Retrieval Practice: How to Encourage Long-Term Retention (Monica White, The Learning Scientists, August 22, 2024): The author, a high school math teacher, writes that “The shift from seeing retrieval practice as an assessment tool to seeing it as a pedagogical practice altered how I incorporated this strategy into my classroom and the overall purpose of it. The act of retrieving was now at the forefront of my instruction rather than at the end.” 

Simple Ways to Support Student Mental Health in Class (Beckie Supiano, Chronicle of Higher Education, August 22, 2024): Supiano reports on how one university is using large-enrollment courses to reach many students with a set of strategies meant to help them flourish.

A Case Against Rubrics (Jeffrey Herlihy-Mera, Inside Higher Ed, August 21, 2024): Rubrics are not the path to intellectual liberation.

Tell Students the “Why” (Tony’s Teaching Tips, August 21, 2024): Transparent In Learning & Teaching (TILT), a set of teaching principles heavily built around making the invisible visible, is particularly important for students who don’t know the unwritten rules of the higher education landscape, frequently students from underrepresented or marginalized backgrounds. 

All Things AI

Struggling to Create AI Policies? Ask Your Students (Lauren Coffey, Inside Higher Ed, August 22, 2024): A professor at Florida International University tasked her students with devising an ethical guide to using AI in their classes—and found them to be stricter than she would have been.
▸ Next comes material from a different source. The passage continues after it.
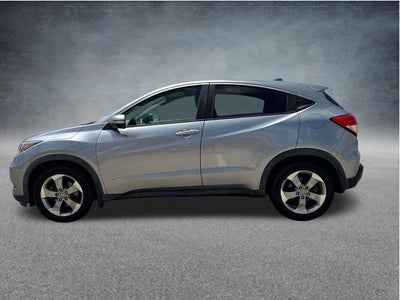 2017 Honda HR-V EX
AI Cheating Is Getting Worse (Ian Bogost, The Atlantic, August 19, 2024): Colleges still don’t have a plan.

AI Hacks for Educators (Kevin Yee, Laurie Uttich, Eric Main, and Elizabeth Giltner, University of Central Florida, 2024): Dozens of AI uses with detailed prompts that you can copy and edit for your purposes. (Thanks to Lew Ludwig for pointing this resource out.)
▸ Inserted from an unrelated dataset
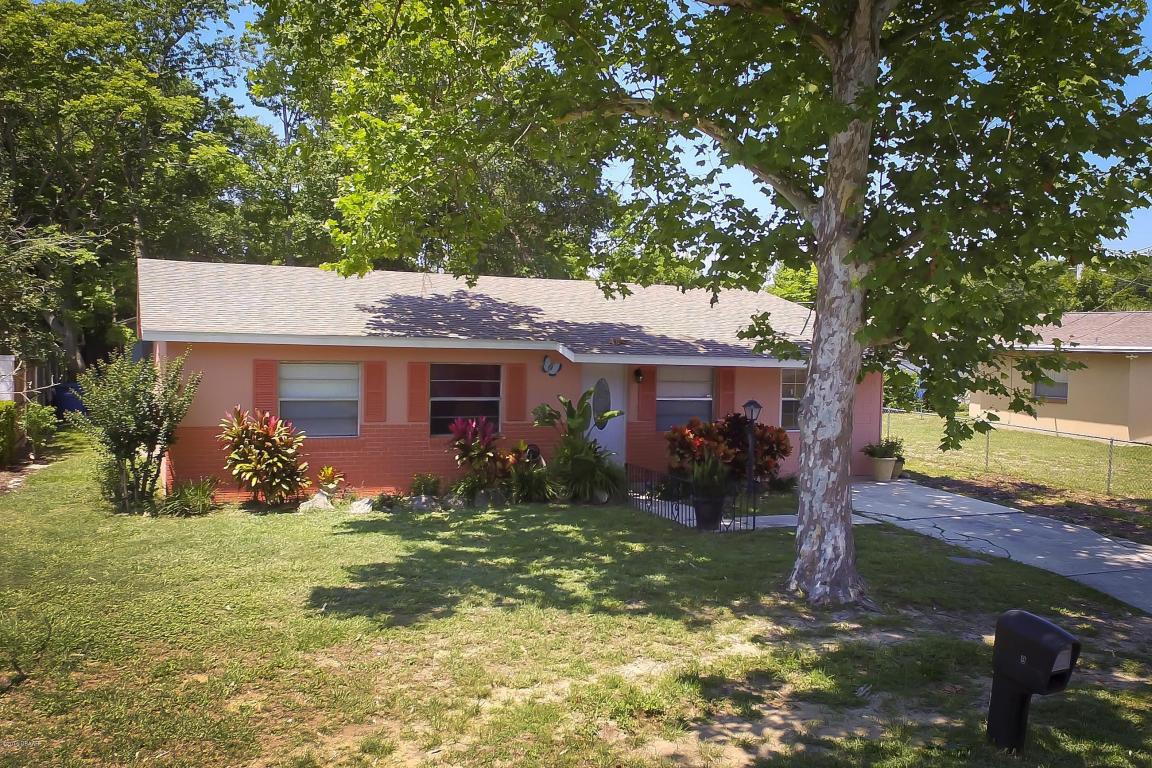 1840 NELSON Avenue, Ormond Beach, FL 32174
AAC&U, Elon University Launch AI Guide for Students (Lauren Coffey, Inside Higher Ed, August 19, 2024): The organizations released their AI–U guide today, calling it a “student guide to navigating college in the artificial intelligence era.”

At the Crossroads of Innovation: Embracing AI to Foster Deep Learning in the College Classroom (Dan Sarofian-Butin, Educause, July 17, 2024): AI is here to stay. How can we, as educators, accept this change and use it to help our students learn?

Back to School

The Secret to a Meaningful Start: Miss Your Mark (David R. Bowne, Inside Higher Ed, August 23, 2024): The author has developed an unusual, yet successful, way to set the tone for the entire semester—with M&Ms.          

A Faculty Survival Guide for the New Academic Year (Kevin Gannon, Chronicle of Higher Education, August 21, 2024): Four ways to approach what may be yet another “unprecedented” year in higher education.

Academic Boycotts and the AAUP

Why the AAUP Changed Its Stance on Academic Boycotts (Adrienne Lu, Chronicle of Higher Education, August 16, 2024).  And here are various opinion articles (by date):

The AAUP Has Always Defended Academic Freedom. We Still Do (Rana Jaleel and Todd Wolfson, Chronicle of Higher Education, August 21, 2024): The AAUP’s president and chair of its Committee A on Academic Freedom defend the organization’s new policy

The AAUP Is Right. Supporting Boycotts Is Academic Freedom (Joan Scott, Chronicle of Higher Education, August 20, 2024).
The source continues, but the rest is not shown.